Based on true events,
Kinky Boots recounts how in Northampton, England Charlie Price avoids
closing an inherited shoe factory whose business is failing and thus leading to
laying off all its long-time workers whom he has known since birth. He saves the plant and the jobs by turning
the production line from one making men’s dress shoes to one making drag queens’
boots. The journey to the musical’s
triumphant, “Just Be” finale begins with a chance meeting between
twenty-something Charlie and a London drag performer named Lola – ‘chance’

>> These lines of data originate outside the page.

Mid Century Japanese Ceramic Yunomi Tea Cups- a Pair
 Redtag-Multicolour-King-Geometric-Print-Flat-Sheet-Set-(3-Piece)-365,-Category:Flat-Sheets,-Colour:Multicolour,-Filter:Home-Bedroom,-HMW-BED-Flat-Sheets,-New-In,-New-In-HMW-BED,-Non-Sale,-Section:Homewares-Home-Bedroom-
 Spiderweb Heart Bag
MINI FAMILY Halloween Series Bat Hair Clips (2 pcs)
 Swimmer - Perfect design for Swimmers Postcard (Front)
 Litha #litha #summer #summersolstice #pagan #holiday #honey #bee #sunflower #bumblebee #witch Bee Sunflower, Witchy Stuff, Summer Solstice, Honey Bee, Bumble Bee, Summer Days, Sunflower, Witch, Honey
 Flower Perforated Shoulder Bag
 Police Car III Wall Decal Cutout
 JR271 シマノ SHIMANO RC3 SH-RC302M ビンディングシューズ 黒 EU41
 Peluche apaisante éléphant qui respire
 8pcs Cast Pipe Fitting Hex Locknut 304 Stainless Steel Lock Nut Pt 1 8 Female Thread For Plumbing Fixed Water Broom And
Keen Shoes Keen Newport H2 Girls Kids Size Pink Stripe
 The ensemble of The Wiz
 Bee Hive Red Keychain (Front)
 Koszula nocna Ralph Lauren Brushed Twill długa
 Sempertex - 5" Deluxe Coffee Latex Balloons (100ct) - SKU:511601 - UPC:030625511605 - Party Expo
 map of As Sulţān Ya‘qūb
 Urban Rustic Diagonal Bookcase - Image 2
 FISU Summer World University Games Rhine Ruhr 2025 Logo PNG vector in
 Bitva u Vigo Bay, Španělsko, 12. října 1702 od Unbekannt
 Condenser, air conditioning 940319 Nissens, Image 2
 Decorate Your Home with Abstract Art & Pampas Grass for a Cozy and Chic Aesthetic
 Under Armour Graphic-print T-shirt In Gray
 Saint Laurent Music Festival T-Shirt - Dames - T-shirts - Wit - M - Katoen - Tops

meaning Lola knocks Charlie out with her boot as she defends herself against
taunting hooligans while he is trying to help save what he thought was a
six-foot-tall, helpless damsel. Lola’s
heel is busted in the process (as is Charlie’s head and pride), leading
eventually to a partnership between the two when Charlie realizes there is a
niche market no one else is satisfying -- feminine boots strong enough and
elegantly wild enough for the world of cross-dressing men. As Lola tells him, “I’d give my tit for a shoe
that would stand up for me.”
The road toward the story’s emotion-high ending is one full
of potholes like workers who want nothing to do with ‘poofs’ and sidetracks
like Charlie’s London-bound fiancé who wants nothing to do with Northampton and
certainly not with a dying shoe factory.
And then there is Charlie himself, who is carrying unresolved, inner
pressures to live up to his now-deceased dad’s expectations and who has jumped
in over his head to get a product ready in three weeks for the premiere,
European shoe show in Milan, Italy.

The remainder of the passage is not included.